As I write this, Vice-President Kamala Harris is preparing her campaign for the presidency. I am unversed in US politics, so I cannot comment on her and her chances on winning (although in many Russian minds, these chances are linked with the fate of Ukraine).
However, as soon as President Biden announced that he was stepping down, I immediately turned to one of my many phones to track what Russian sources were saying about events in the United States.
Naturally, the social media platform which I prioritise in watching Russian messaging is Telegram, the Russian-developed instant messaging service that is critical for pro-Russian sources in disseminating their material. Telegram is the starting point for much Russian hostile messaging. Telegram has, to my mind, transformed the way messaging – and information manipulation – works, to such an extent that, I believe, it should be studied separately from other platforms. Its architecture and impact are so distinct, certainly for the areas which I monitor and analyse, that it warrants much more dedicated examination.
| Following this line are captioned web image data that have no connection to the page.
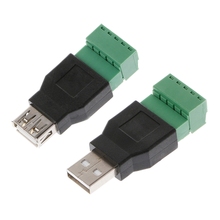 USB 2,0 Type A Male/Female to 5P Screw w/ Shield Terminal Plug Adapter Connector 2024 - купить недорого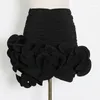 Röcke Streetwear Schwarz Asymmetrisch Saum Rock für Frauen hohe Taille Rüschenfalte Falten Design weibliche 2024 Frühlingskleidung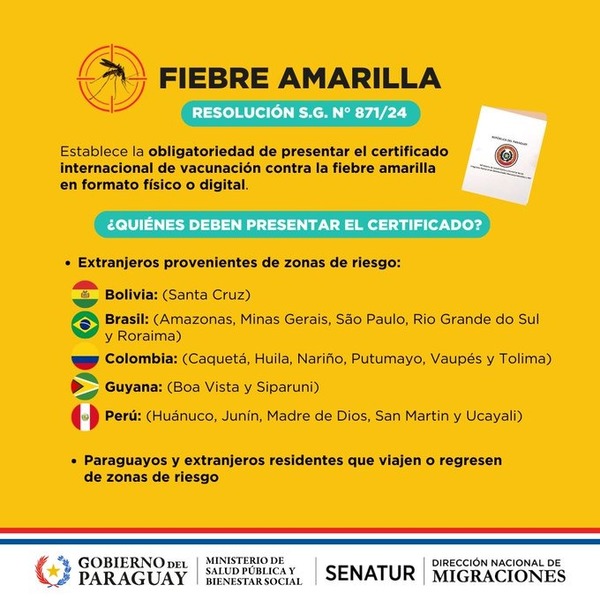 Paraguay establece nuevas disposiciones para viajeros a zonas de riesgo de fiebre amarilla - ADN Digital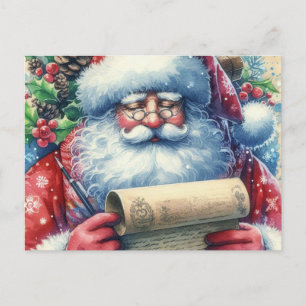 Carte Postale Père Noël vérifiant sa liste de vacances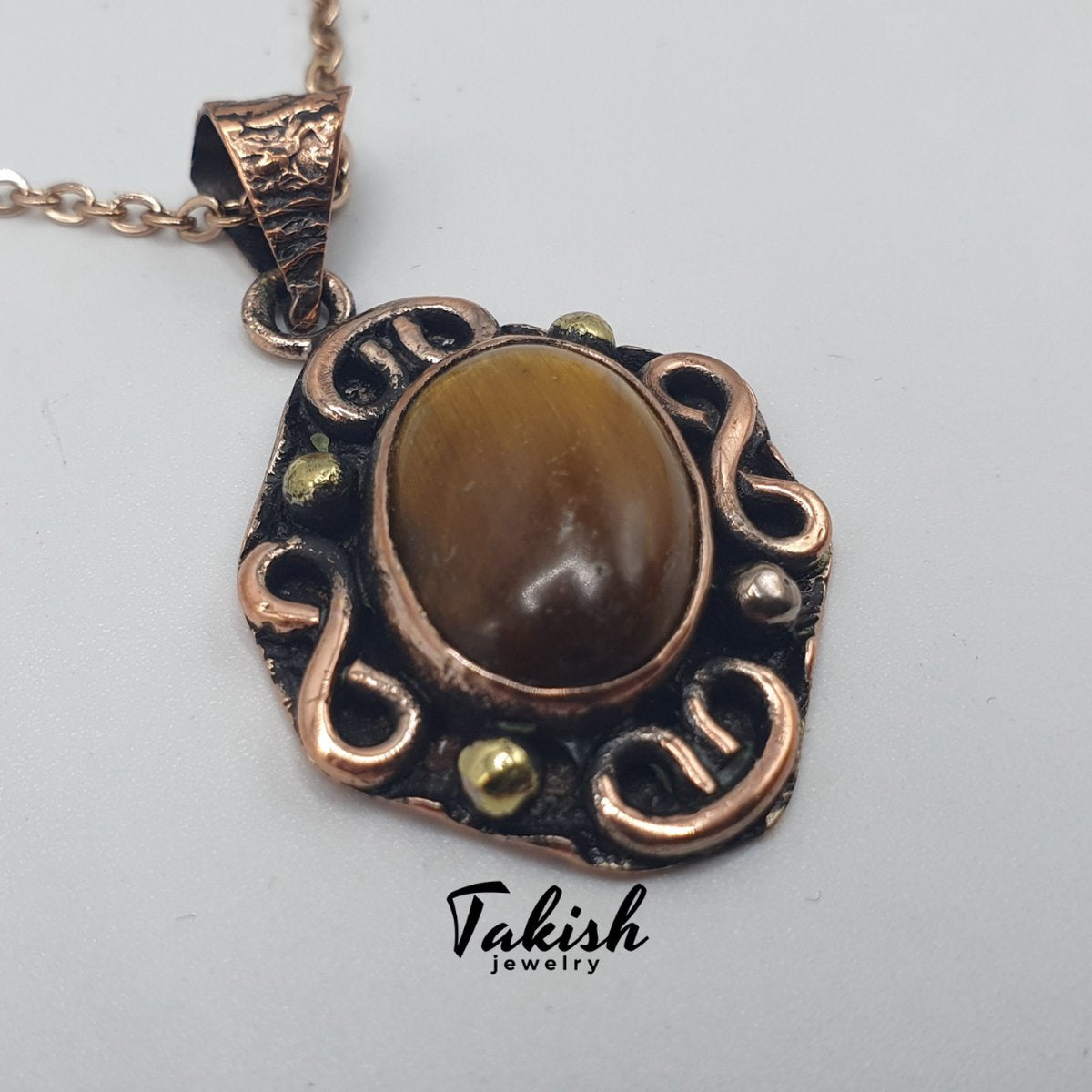 Elegantie Puur Koperen Ketting met Ovale Tijgeroogsteen Hanger, 50cm Ketting, 3.5cm Diameter, Handgemaakt, Geometrisch, Bruin, 10g Lichtgewicht, 6mm Dik, 2.5cm Breed, Uniek Ontwerp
More of that later. What was interesting yesterday (Sunday 21 July) was that key Russian Telegram channels seemingly had not had time to formulate a specific line on Biden’s decision to step down. Instead, prominent channels were recycling material from American media – invariably criticism of Harris – dubbed into Russian for domestic audiences.
This has changed today. Curators of pro-Kremlin channels have started to develop their own attacks on Harris, seemingly concerned that she will become the Democrats’ choice.
This is where prebunking could be extremely useful in preparing mitigations against Russian informational attacks. I have previously argued that we should move to a clever war of manoeuvres in the information war with Russia, rather than a positional information war. Much of our government and other communications work on Russian messaging has been highly reactive: we should combine expertise (regional experts, specialists on information manipulation, policy experts) to anticipate Russian lines of attack and launch our own information campaigns in advance to protect our democratic interests.
Telegram is a key source to examine in trying to anticipate what the Russians might do. Already the pro-Russian channels are posting the most egregious slurs on Harris, and we should be prepared for much worse.
This evening I have seen Russian channels call Harris a paedophile, incapable, worse than Biden, more dangerous than Biden, ambitious, and – this is awful – Vitaliy Klichko’s twin sister. There is almost certainly worse out there, and almost certainly worse to come.
At this point – this is a short post – I would like to point to this excellent and really important report by Nina Jankowicz and others at the Wilson Center – on how gender, sex, and lies are weaponized against women online. Priming and educating audiences about gendered information hostility is a crucial issue, and is likely to be extremely important in the US presidential race if – as seems likely – Harris wins the Democratic candidacy.
The final point to make in this how Russian messaging – and likely Russian political thinking more widely – blurs the issues of the US elections and Ukraine. For many Russian politicians, the two issues are part of the same, increasingly spiritual, conflict, the holy war of Russianness against anything seemingly anti-Russian.
In Russian information operations, the two issues also merge. Moscow uses its supposed success on the battlefield in Ukraine to target Americans with messaging that Biden is losing the war; it also uses reporting about the US presidential candidates for domestic audiences, claiming that Washington is the greatest anti-Russian threat to them.
Some Russian pundits do see Biden’s departure as an unknown quantity, a black swan. Yet their reporting is likely to consolidate around specific themes concerning Harris: that she is supposedly complicit in Biden’s presidency and its alleged mistakes, that she is immature, puerile, and inexperienced. Misogyny will almost certainly play a key role in this. It is time to prepare now.